一方で、私の父は1920年(大正9年)生まれなので,暢は2つ上の従姉である。父も大阪の天王寺区北山町で生まれ、旧制高津中学を出ている。暢が住んでいた阿倍野とは近かったので、それなりの行き来があっただろう。それらしい写真も出てきた(後述)。しかしあまり祖母からも父からもこの従姉、暢の生い立ちや大阪での生活を聞いたことはない。祖母にしてみれば早くに兄が亡くなってしまったので姪たちとは多少疎遠になったのであろうか。

ところで暢の父、祖母の兄、池田鴻志とはどのような人物であったのか。ドラマでは「朝田結太郎」として登場し、家業は継がず海外を飛び回る商社マンとして活躍するが、海外出張の帰国途中で急死する。この父は開明的な考えの持ち主で、のぶの成長物語において新しい女性としての生き方を支持し、暖かくその未来を応援する役回りである。


池田鴻志(こうし):

 1885年(明治18年)高知県安芸郡安芸町生まれ。実家は裕福な商家であった。高知商業、関西法律学校(現関西大学)を出た後、しばらく高知にいたようだが、長男であったが家業を継がず、1916年(大正5年)、当時の日本最大の総合商社鈴木商店にスカウトされ、傘下の九州炭鉱会社に赴任。その後に大阪本部の木材部をへて台湾嘉義木材経営のため台湾赴任。さらに1919年(大正8年)には北海道の開発に拠点、北海道釧路出張所長、監査役を歴任。1924年(大正13年)39歳の若さで釧路で病死している。暢が6歳の時である。洋洋たる商社マン人生をおくったようで、当時の釧路日日新聞刊行の『釧路の人物』に彼の経歴や功績が紹介されている。死亡にあたっては新聞に訃報が掲載されたことなどの記録が残っている。この時家族を大阪に残して単身赴任していた。忙しい仕事の中で家族、特に娘たちにどのような影響を与えたのか。それに関する記録や証言、エピソードは見つかっていないが、後述のように3人の娘を高等女学校に進学させ、それぞれに結婚しても自立した女性として生きていったので、未亡人となった母の教育を通じて父の薫陶を受けたものと考える。

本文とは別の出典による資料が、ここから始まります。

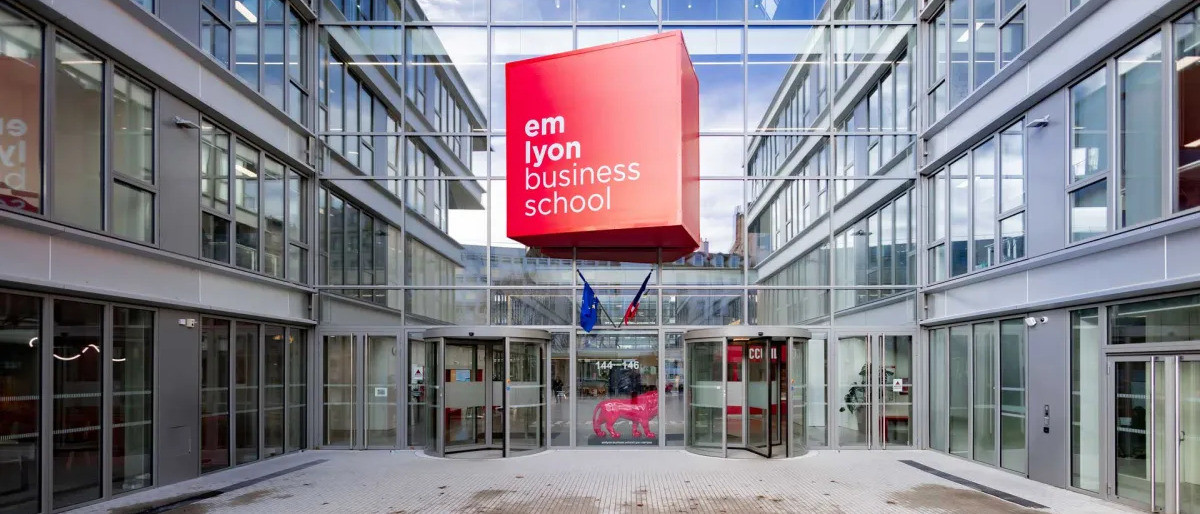emlyon business school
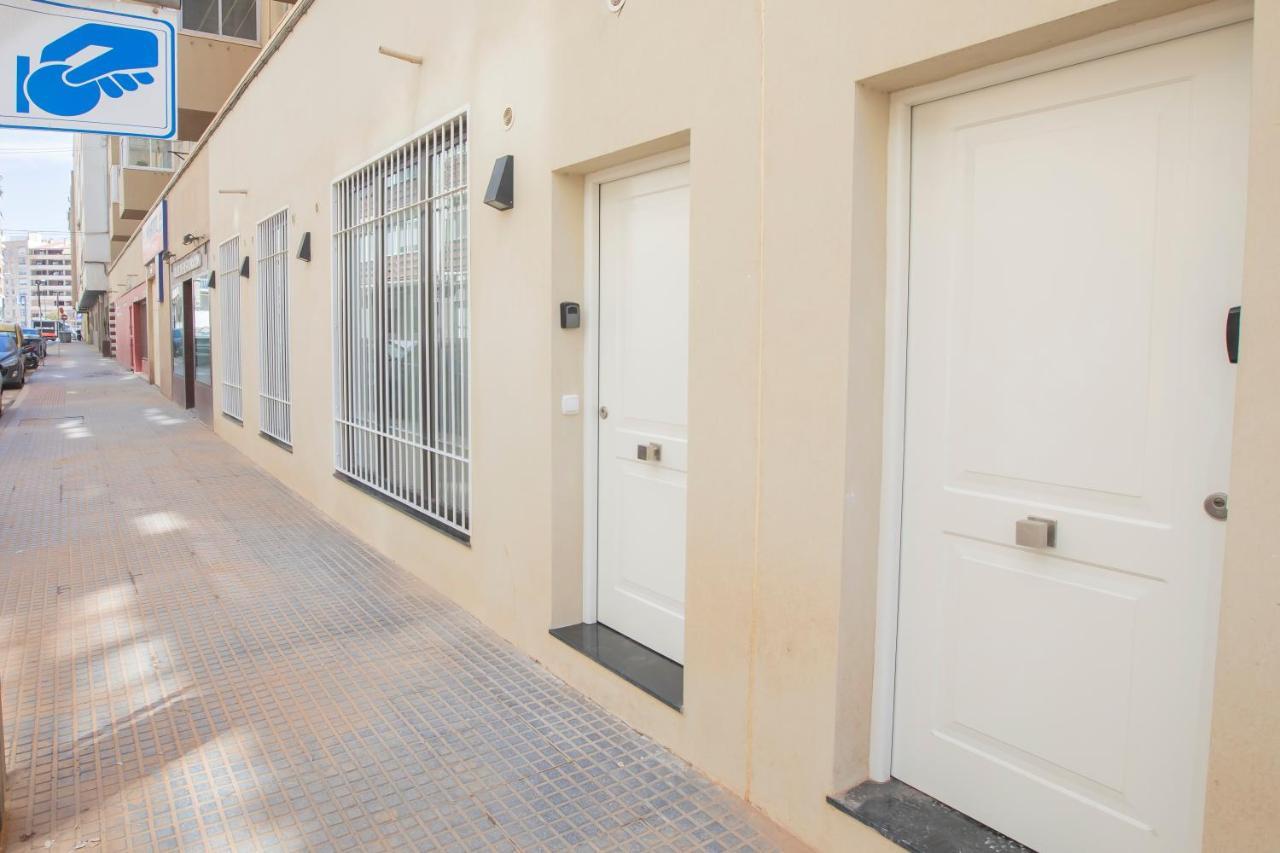 Del Parque Flats San Andres Apartment Малага Екстериор снимка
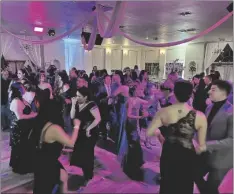  ?? ?? Attendees dance the night away during the Imperial Valley Regional Chamber of Commerce 16th Annual Air Show Gala on Friday, February 24, in El Centro.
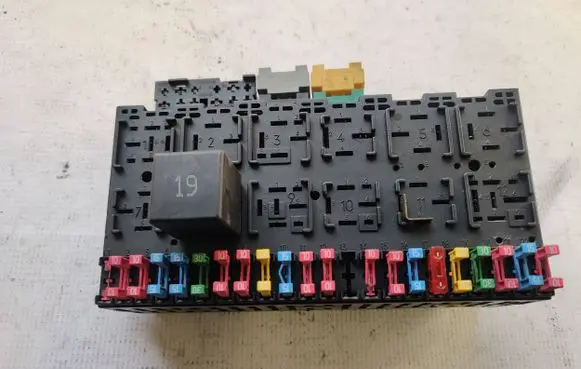 Volkswagen Transporter - Caravelle T4 Fuse box set 357937039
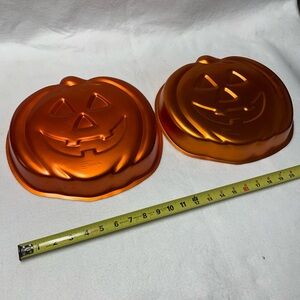 Set of 2 Wilton Orange Pumpkin Cake Pans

祖母も高知生まれの高知育ち。おそらく子供の頃は兄の鴻志一緒に育ったはずだ。しかし兄が高知商業出の商社マンであったという話以外、あまりこの「大叔父」のエピソードを聞かされた記憶はない。祖母にはこのほかに姉(金恵)がいて、大阪の真珠商池田久寿弥太に嫁いでいた。この一家とは祖父母、父ともに付き合いが長く、高知を出て大阪・天王寺に居を構えていた祖父母とともに、西宮夙川、奈良と転居をともにした間柄である。事業を共に立ち上げたこともある。孫の私も、隠居して奈良に住んでいた「池田のおばさん(大叔母)」「真珠の大叔母さん」に可愛がってもらった。こちらはこちらで、波乱に満ちた物語を紡いできた一家で、小説やテレビドラマになってもおかしくないストーリが満載であるが、今回はここまでにしておく。

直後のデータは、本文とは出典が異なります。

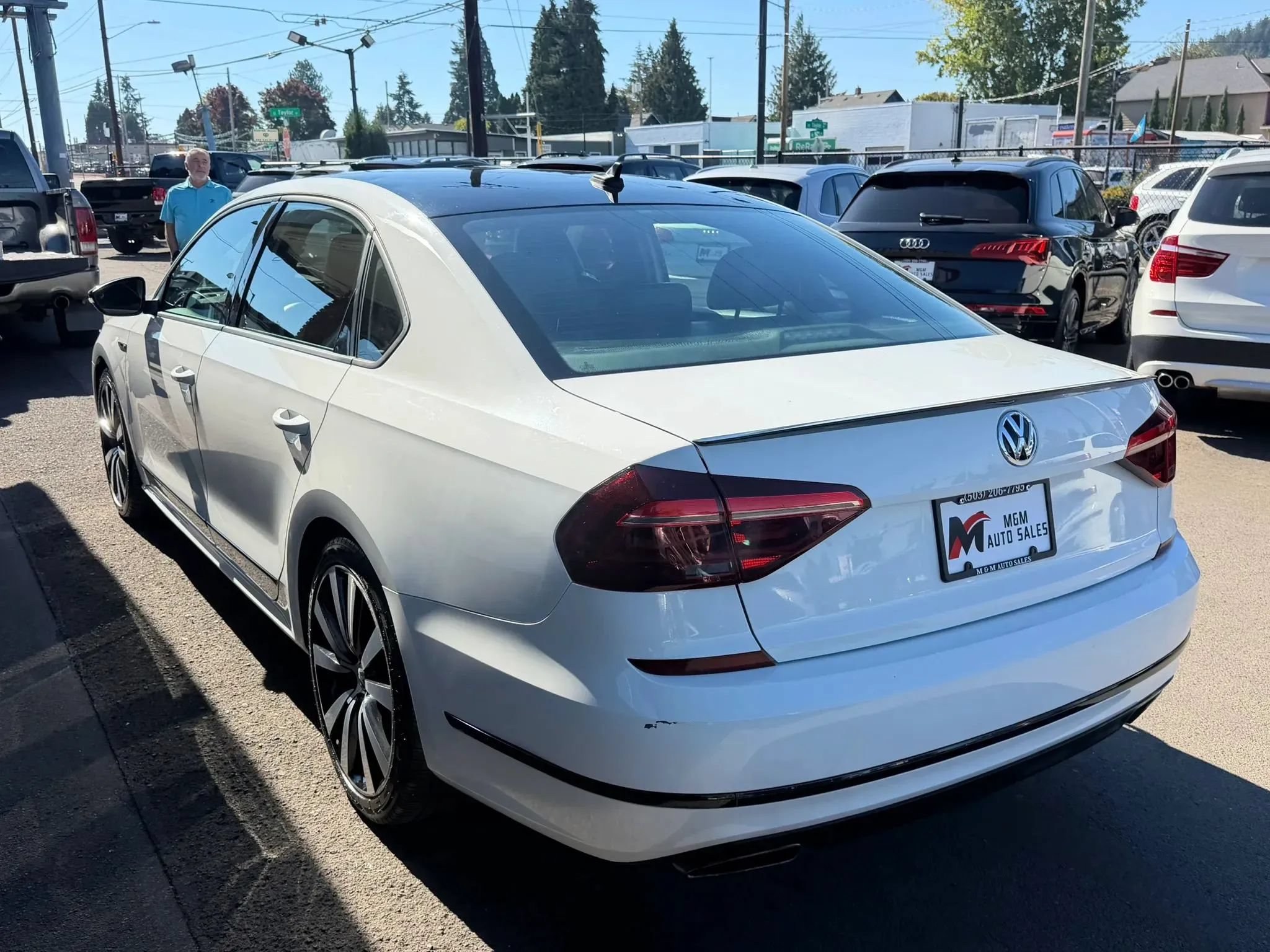Used 2018 Volkswagen Passat GT FWD image 5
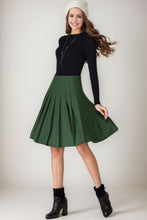 Load image into Gallery viewer, Midi pleated wool short skirt in green C4261
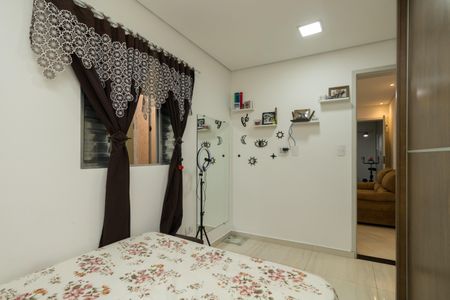 Casa à venda com 169m², 4 quartos e 2 vagasQuarto 3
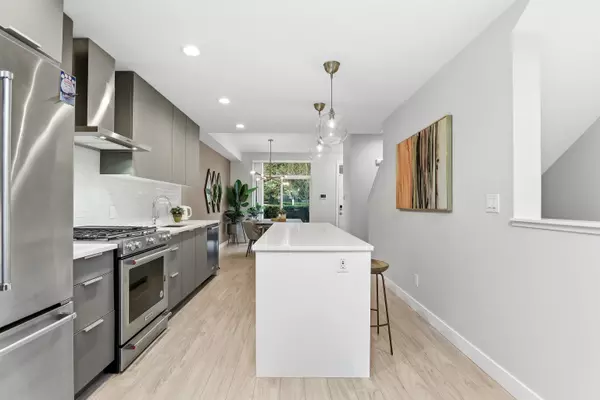 Port Moody, BC V3H 0J5,2126 St Johns Street ST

話を戻すと、暢が6歳の時に父が亡くなったわけで、この時はまだ暢たちは大阪にいた。家族は母、登女(とめ)、次女、瑛(えい)、三女、圀(くに)であった。父が亡くなっても大阪にいて高等女学校まで出ているのだからそれなりに裕福であり、教育熱心であったのだろう。ちなみにドラマで次女の蘭子のモデルとなった瑛は1920年(大正9年)生まれ。父と同い年だ。暢と同じ阿倍野高女を出て、教員となり同じく同僚の教員の曽我部鹿一と結婚、2男1女を設け、満州に渡る。やがて夫は現地で召集され戦死し、終戦とともに地獄の逃避行を経験して日本に引き揚げてきた。東京で暢の計らいもあり、やなせたかしの秘書となり、事務所の経理やや編集者との交渉など重要な仕事に従事した。現在「やなせスタジオ代表」で、やなせたかしの思い出を綴った『やなせ先生のしっぽ』の作者、越尾正子は、高齢となった瑛の後任として入社し、暢の依頼で秘書をつとめたという。結局、暢が先に他界したので、晩年のたかしを公私に渡って世話をし見送ったのは越尾正子である。

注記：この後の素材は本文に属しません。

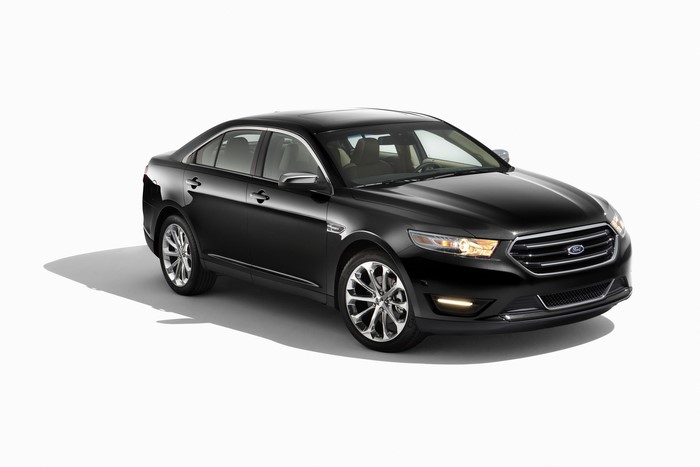 Black 2013 Ford Taurus Limited Sedan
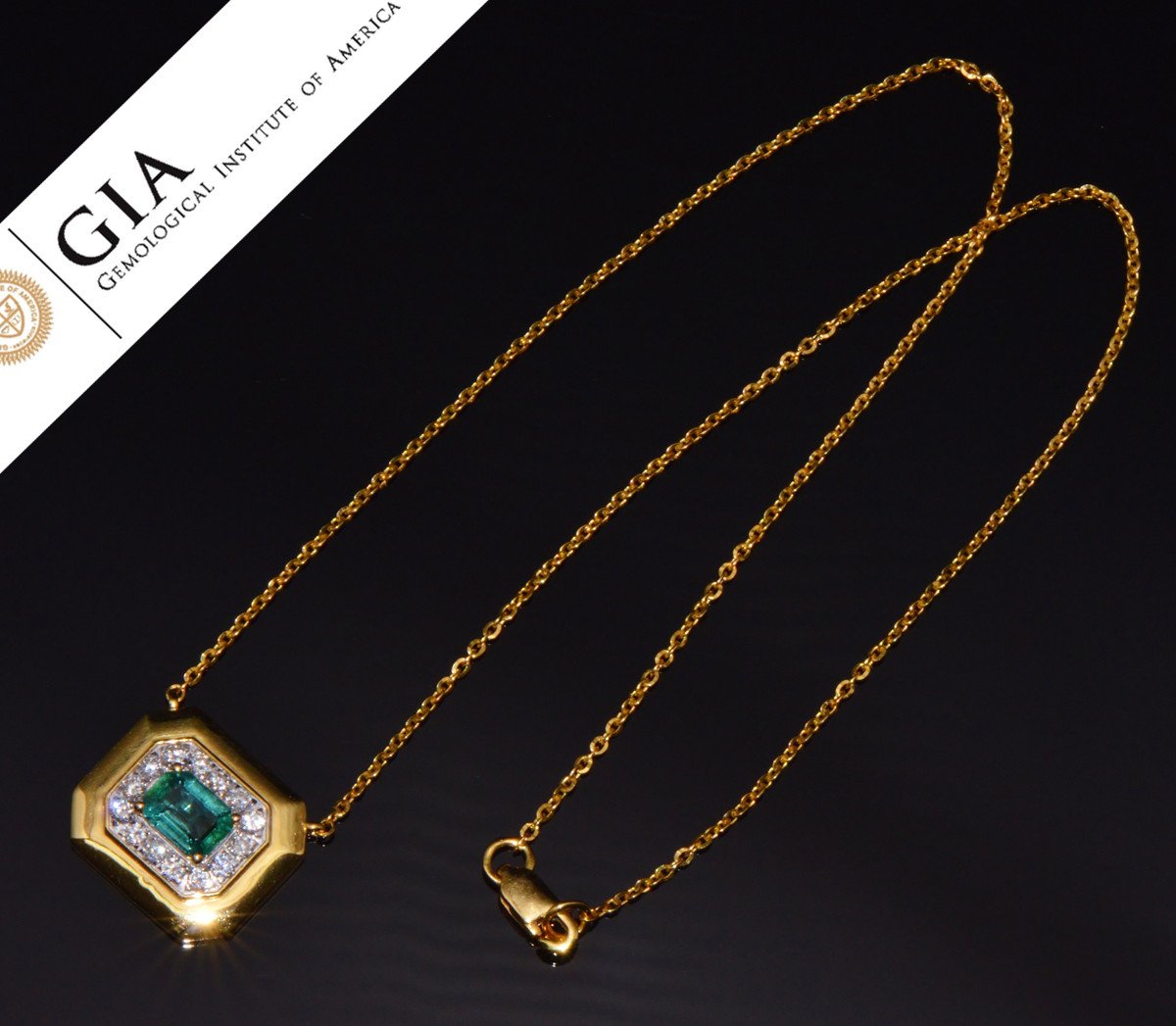 GIA Certified Natural 1.76Cts Emerald Diamond 18K Solid Gold Necklace
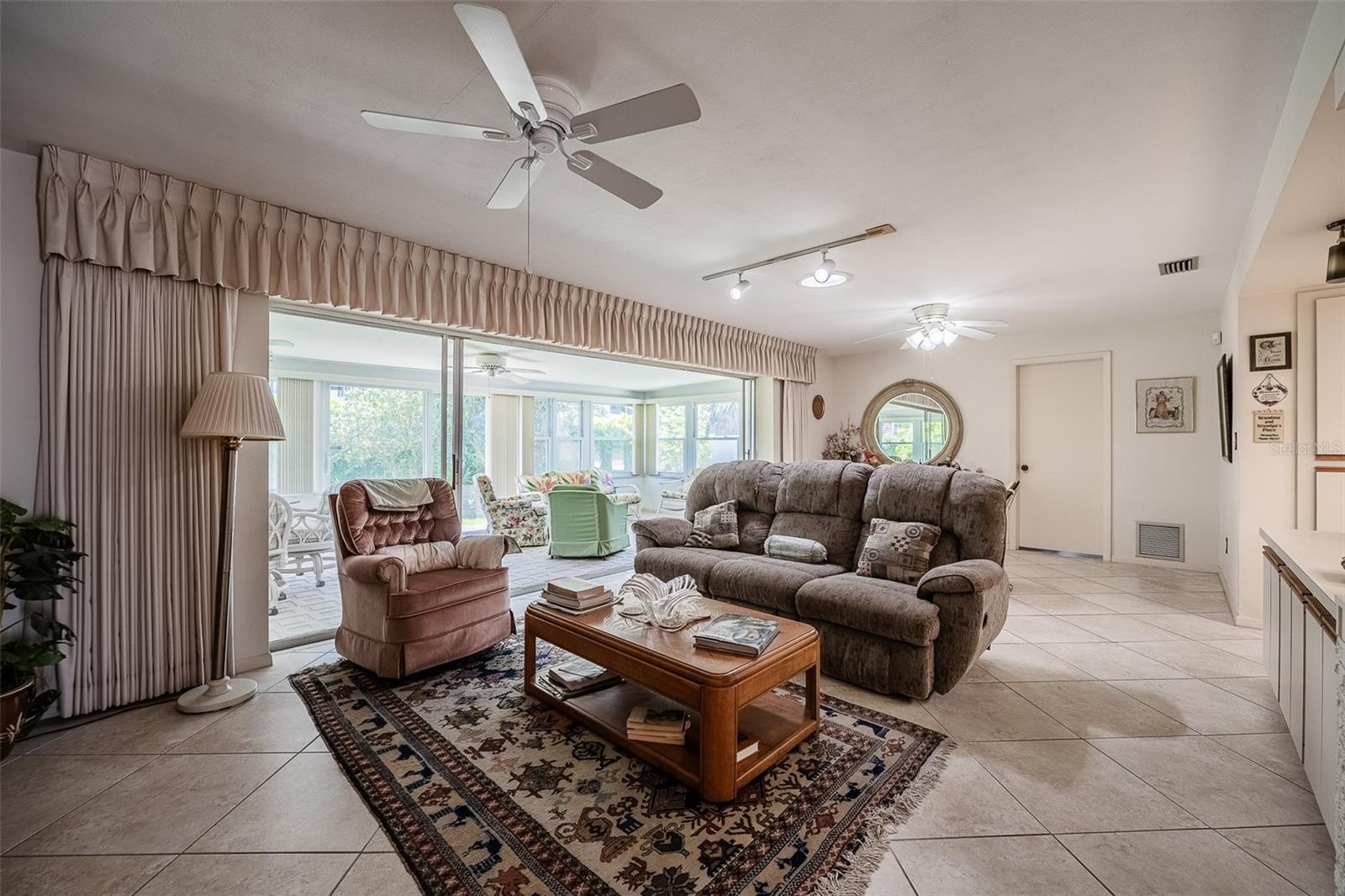 Image 15 of 53 For 14792 Imperial Point Drive S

このように実際の池田暢の人生は、ドラマの設定とはかなり違っている。「朝田のぶ」のモデル「池田暢」の情報が限られている分だけ、脚本の自由度が大きくストーリーを豊かにすることができたのであろう。ドラマではのぶとたかしが同級生で幼馴染であったことになっている。そのほうがドラマチックだ。が、先述のように暢は大阪生まれの大阪育ち。たかしは東京生まれの高知育ち。実際にはこの二人は高知新聞勤務時代に初めて出会っている。のぶの実家「朝田家」は高知市後免の石材店となっているが、父、朝田結太郎が商社マンで家業を継がずに外地へゆき、早世した点はモデルの池田鴻志の人生と似ているが、「池田家」は先述のように安芸の商家であり、父、鴻志は暢が6歳の時に亡くなっている。ドラマよりはかなり早く亡くなっている。またドラマではのぶの妹の蘭子の八木信一郎との恋物語が後半の伏線だが、蘭子のモデル瑛は(先述の通り)満州で夫を亡くし子供3人を連れて引き揚げてきた苦労人であった。のぶが「はちきん」であった点は、実際の暢の性格と共通しているし、二人はとても仲の良い夫婦であったこともドラマで描かれている通りだ。祖母が言っていたように「夫唱婦随」であったというのはどうなのか。ただドラマの「柳井嵩」がハンサムすぎて線が細くて、やや暢の尻に敷かれているように描かれており、実際のやなせたかしとはキャラがかなり違う感じだ。余談だが、ドラマの登場人物の高知弁は、私の祖母から聞かされてきたネイティヴ高知弁とちょっとずつ違う。特に連発する「たまるか〜」は、ホントは「たま〜るか」なんだけど...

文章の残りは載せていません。